_TASK INSTRUCTIONS_. Word for word, please restate the lines from the beginning of the data through the line in which "Carol | Chunky" appears.

_DATA FOR REVIEW_.

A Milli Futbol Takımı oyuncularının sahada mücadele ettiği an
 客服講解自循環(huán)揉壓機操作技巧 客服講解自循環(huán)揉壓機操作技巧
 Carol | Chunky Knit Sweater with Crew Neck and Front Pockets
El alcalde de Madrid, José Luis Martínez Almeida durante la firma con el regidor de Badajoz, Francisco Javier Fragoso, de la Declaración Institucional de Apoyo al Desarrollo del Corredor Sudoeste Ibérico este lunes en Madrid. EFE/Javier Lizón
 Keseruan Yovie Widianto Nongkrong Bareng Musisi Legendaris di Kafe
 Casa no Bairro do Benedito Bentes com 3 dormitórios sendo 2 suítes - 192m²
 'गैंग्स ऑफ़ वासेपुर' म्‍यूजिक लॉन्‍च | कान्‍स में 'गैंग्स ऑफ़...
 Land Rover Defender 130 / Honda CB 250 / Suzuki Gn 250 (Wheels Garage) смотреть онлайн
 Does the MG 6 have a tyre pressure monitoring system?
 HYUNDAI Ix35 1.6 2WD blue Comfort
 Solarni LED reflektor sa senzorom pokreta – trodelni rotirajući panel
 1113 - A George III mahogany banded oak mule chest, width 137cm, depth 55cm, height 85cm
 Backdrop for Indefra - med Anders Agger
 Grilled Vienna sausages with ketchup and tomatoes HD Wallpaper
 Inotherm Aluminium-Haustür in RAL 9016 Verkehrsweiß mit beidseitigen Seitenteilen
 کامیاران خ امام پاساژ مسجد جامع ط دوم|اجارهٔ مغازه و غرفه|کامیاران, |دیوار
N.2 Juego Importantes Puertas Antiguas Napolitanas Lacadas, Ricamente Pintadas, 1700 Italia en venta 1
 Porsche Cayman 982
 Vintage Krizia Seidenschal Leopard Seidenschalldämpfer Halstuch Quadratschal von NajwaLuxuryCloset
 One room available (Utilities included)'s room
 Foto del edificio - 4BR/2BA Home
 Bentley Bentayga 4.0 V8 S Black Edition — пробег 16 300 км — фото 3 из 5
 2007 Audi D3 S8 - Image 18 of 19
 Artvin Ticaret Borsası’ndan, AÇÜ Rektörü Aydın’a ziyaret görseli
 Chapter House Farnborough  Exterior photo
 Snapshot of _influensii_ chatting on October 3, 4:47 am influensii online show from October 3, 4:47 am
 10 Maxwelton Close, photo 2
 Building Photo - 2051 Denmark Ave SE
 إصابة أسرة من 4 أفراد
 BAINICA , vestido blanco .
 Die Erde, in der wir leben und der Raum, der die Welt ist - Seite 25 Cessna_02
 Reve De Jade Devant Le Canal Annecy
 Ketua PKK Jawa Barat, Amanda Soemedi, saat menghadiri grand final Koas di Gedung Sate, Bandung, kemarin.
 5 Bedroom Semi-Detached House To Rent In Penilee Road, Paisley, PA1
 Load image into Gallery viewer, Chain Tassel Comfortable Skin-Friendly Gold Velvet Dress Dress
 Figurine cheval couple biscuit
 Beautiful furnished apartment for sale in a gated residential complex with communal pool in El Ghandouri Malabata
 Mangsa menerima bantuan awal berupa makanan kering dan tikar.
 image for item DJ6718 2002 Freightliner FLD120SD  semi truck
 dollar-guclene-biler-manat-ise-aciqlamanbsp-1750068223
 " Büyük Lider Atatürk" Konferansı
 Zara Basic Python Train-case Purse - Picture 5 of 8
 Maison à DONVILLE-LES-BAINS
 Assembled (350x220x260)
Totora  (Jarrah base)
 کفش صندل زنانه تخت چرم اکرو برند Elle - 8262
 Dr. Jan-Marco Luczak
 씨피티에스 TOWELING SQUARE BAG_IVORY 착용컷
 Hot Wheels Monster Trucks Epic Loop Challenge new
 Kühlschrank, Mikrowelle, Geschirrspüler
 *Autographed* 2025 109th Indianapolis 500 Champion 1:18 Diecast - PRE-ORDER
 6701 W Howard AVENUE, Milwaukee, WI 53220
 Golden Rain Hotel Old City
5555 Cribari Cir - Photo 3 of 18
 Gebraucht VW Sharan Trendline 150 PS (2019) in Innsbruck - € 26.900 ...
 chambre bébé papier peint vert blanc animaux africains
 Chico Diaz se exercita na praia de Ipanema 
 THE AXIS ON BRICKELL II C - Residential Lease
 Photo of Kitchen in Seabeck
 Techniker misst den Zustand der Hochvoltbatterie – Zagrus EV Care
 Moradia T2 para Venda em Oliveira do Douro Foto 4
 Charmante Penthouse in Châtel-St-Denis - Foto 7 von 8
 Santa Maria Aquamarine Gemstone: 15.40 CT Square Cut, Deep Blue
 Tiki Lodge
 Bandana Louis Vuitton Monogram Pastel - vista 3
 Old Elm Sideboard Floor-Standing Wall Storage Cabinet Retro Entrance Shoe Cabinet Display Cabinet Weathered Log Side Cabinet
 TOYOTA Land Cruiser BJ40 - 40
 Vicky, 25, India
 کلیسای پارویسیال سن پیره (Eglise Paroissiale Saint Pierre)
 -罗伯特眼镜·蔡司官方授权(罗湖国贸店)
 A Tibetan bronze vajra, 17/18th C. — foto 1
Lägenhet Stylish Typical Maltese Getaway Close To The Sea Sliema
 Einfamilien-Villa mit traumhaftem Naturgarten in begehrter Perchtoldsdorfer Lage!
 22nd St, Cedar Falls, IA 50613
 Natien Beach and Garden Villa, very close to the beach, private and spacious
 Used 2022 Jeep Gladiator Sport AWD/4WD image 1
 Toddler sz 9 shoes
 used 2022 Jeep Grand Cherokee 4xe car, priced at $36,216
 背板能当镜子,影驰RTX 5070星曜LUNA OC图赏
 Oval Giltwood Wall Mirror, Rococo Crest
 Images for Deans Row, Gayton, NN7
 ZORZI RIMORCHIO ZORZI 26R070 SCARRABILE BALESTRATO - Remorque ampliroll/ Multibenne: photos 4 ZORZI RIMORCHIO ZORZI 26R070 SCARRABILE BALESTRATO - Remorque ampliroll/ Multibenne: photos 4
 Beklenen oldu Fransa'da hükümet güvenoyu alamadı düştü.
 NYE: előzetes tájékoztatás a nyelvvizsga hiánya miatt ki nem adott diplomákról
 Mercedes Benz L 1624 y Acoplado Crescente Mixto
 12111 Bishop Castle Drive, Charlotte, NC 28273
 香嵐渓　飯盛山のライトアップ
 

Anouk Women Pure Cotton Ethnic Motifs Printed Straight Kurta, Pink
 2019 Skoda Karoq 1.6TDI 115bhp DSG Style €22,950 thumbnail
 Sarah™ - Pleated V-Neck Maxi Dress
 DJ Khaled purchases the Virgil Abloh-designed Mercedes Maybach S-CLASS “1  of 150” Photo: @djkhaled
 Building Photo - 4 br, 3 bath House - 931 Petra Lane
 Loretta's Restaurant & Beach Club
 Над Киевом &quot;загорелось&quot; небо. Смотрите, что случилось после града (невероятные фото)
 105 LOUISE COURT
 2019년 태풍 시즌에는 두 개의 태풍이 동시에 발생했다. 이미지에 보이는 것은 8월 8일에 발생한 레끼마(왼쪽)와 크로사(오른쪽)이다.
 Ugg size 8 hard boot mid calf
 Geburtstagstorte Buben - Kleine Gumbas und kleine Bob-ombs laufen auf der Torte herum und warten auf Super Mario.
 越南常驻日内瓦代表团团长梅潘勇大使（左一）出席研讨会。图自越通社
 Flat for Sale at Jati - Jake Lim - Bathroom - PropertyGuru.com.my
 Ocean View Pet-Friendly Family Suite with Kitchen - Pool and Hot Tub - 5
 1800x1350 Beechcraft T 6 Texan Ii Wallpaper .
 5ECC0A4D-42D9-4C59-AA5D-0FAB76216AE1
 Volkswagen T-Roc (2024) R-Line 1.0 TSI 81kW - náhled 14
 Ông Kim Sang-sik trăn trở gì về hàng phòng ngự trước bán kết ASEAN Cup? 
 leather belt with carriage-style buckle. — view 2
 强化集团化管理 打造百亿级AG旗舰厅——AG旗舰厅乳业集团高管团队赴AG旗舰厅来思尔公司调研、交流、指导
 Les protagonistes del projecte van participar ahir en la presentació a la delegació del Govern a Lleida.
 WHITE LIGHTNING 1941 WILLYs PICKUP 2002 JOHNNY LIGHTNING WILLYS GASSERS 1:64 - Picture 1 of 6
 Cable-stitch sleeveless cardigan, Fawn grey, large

_RESULT FOR THIS TASK_.
A Milli Futbol Takımı oyuncularının sahada mücadele ettiği an
 客服講解自循環(huán)揉壓機操作技巧 客服講解自循環(huán)揉壓機操作技巧
 Carol | Chunky Knit Sweater with Crew Neck and Front Pockets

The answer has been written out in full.